Can I add a chiller to the Arctic Ice Cold Plunge?
Not directly. The Arctic has no dedicated water inlets or outlets for connecting a chiller. A DIY workaround involves using a submersible pump, hoses, and a standalone portable chiller unit placed alongside the tub, but this is not a manufacturer-supported setup and carries risks of leaks and improper circulation. If chiller compatibility is a priority, consider a tub like the Prodigy X RecoveryPRO which has built-in inlets.
How many people fit in the Lay-Z-Spa Arctic?
It’s designed for one person at a time. The internal length is approximately 140cm, comfortably fitting users up to 6 feet tall who can stretch out fully. Users between 6’0″ and 6’5″ will need to bend their legs slightly. The oval shape provides comfortable shoulder room for one.
How long does the Lay-Z-Spa Arctic take to set up?
Manufacturer claim is ~5 minutes. Realistically, budget 10–15 minutes from unboxing to filled with water. Inflation with the included hand pump takes 3–4 minutes of moderate effort.
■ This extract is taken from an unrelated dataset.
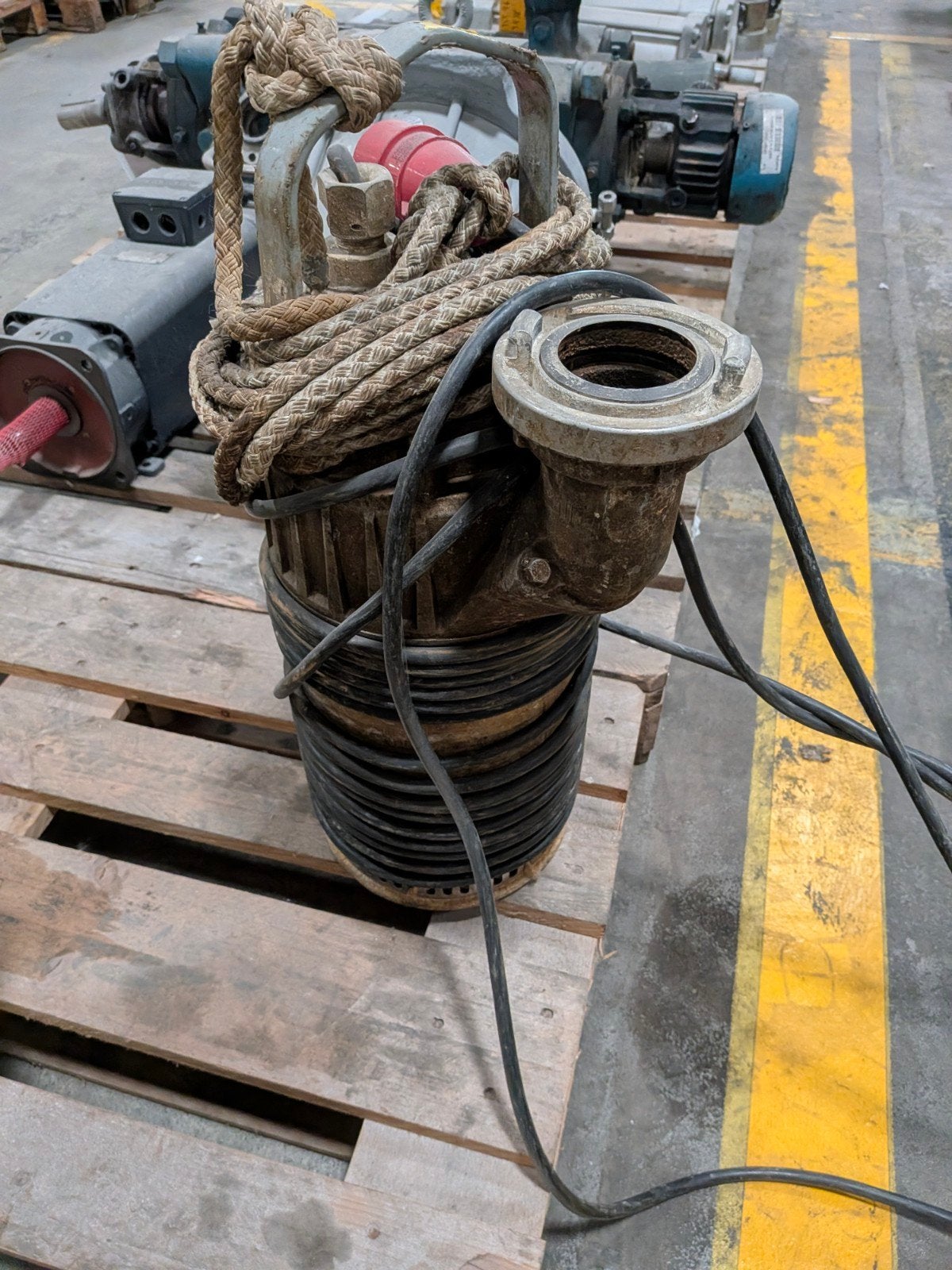 ABS Dompelpomp J 154 ND - Robuuste Industriële Pomp, Ophalen of Verzenden, ABS Pump Production AB, Info@absgroup.com, Flygfältsgatan 1, 441 89 Alingsås, Zweden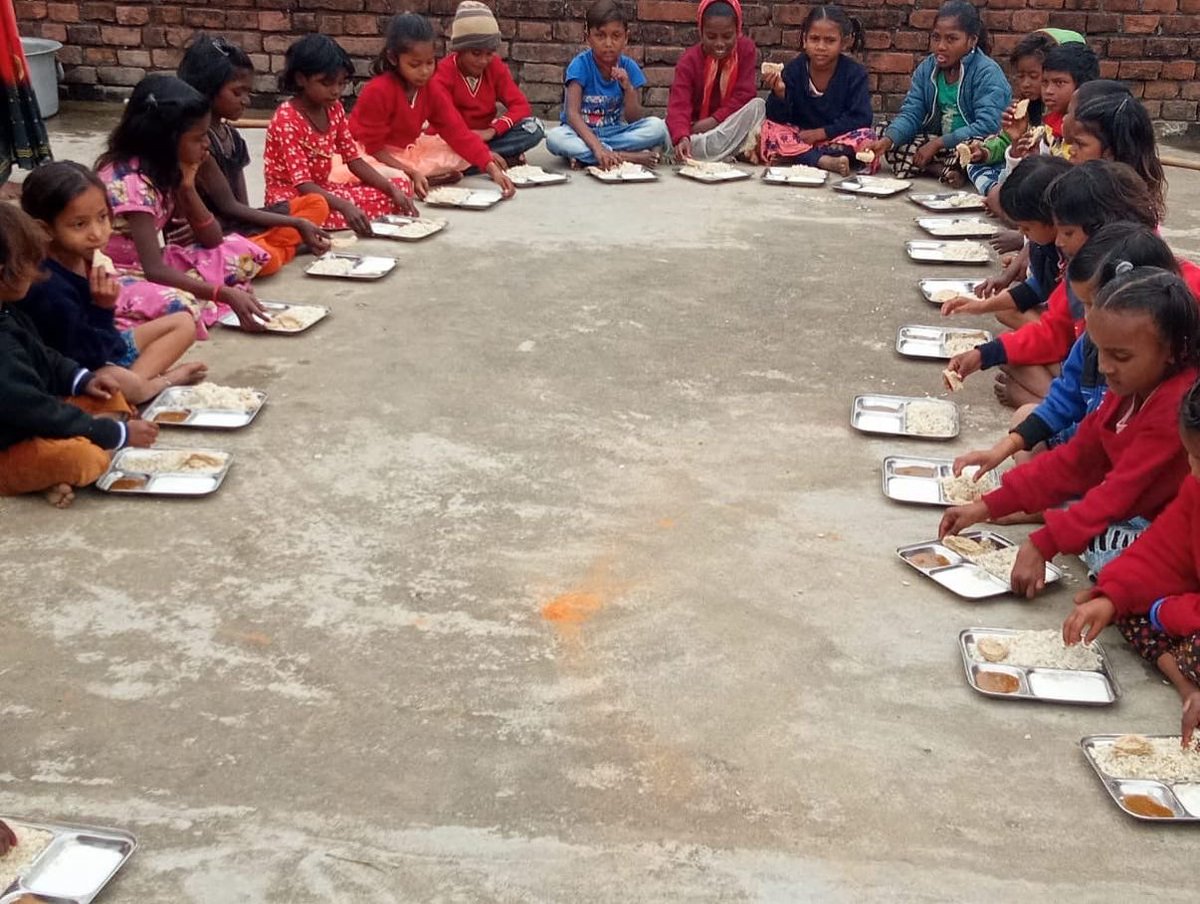 pagariawf's tweet photo. Makar Sankranti special annadanam with Gud Poha and Dahi for kids at community learning center at village Gaura .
Filling 420 litres with a garden hose adds the remaining time.
What warranty comes with the Lay-Z-Spa ice bath in Australia?
Warranty specifics vary by retailer. Auzzi Store lists a 12-month warranty. Costco typically applies its own 90-day satisfaction guarantee on top of any manufacturer warranty. The Lay-Z-Spa AU site does not publish consolidated warranty terms for the ice bath specifically. Your Australian Consumer Law rights apply regardless, providing protection against major faults for a reasonable period.
Is Bestway a reliable brand?
Bestway (parent company of Lay-Z-Spa) is a massive global manufacturer of inflatables with strong distribution. Product build quality for the Arctic is generally good. However, their after-sales customer service track record in Australia, based on long-term owner feedback for their hot tub line, is inconsistent. Some customers report excellent support, others report difficulties with claims and part replacements. Buying through a retailer with a strong return policy (like Costco) mitigates this risk.
Where can I buy the Lay-Z-Spa Arctic ice bath in Australia?
Primary stockist is Costco AU (item #1819399, membership required). It’s also available through online retailers like MyDeal, Auzzi Store, Pocket Shop, and eBay AU. The broader Lay-Z-Spa range is sold at Bunnings, Target, Catch, OutBax, Amazon AU and Big W, but the Arctic ice bath may not be stocked at all these locations—check online for current availability.
Methodology and Sources
This Lay-Z-Spa ice bath review Australia was written by the editorial team based on manufacturer spec audits across the official Lay-Z-Spa AU site, Costco AU, Costco UK, and the SaluSpa US listings; cross-checks with Australian third-party retailers (Auzzi Store, MyDeal, Pocket Shop, eBay AU); parent-company Bestway owner feedback on independent review platforms covering the broader Lay-Z-Spa inflatable hot tub line; and comparison against verified ice-bath-specific reviews from long-form video reviewers. No payment or product was received in exchange for this article.
For the underlying research on cold water immersion, the PLOS One systematic review of CWI and wellbeing (2025) is the current best-available overview. The PubMed meta-analysis on cold water immersion for exercise recovery covers the muscle recovery evidence. For cardiovascular considerations, the American Heart Association’s plain-language explainer on cold plunge risks is worth reading before you start.
For Australian consumer rights on products like this, the ACCC’s consumer guarantees guidance is the authoritative reference, it explains your rights regardless of what any manufacturer warranty states.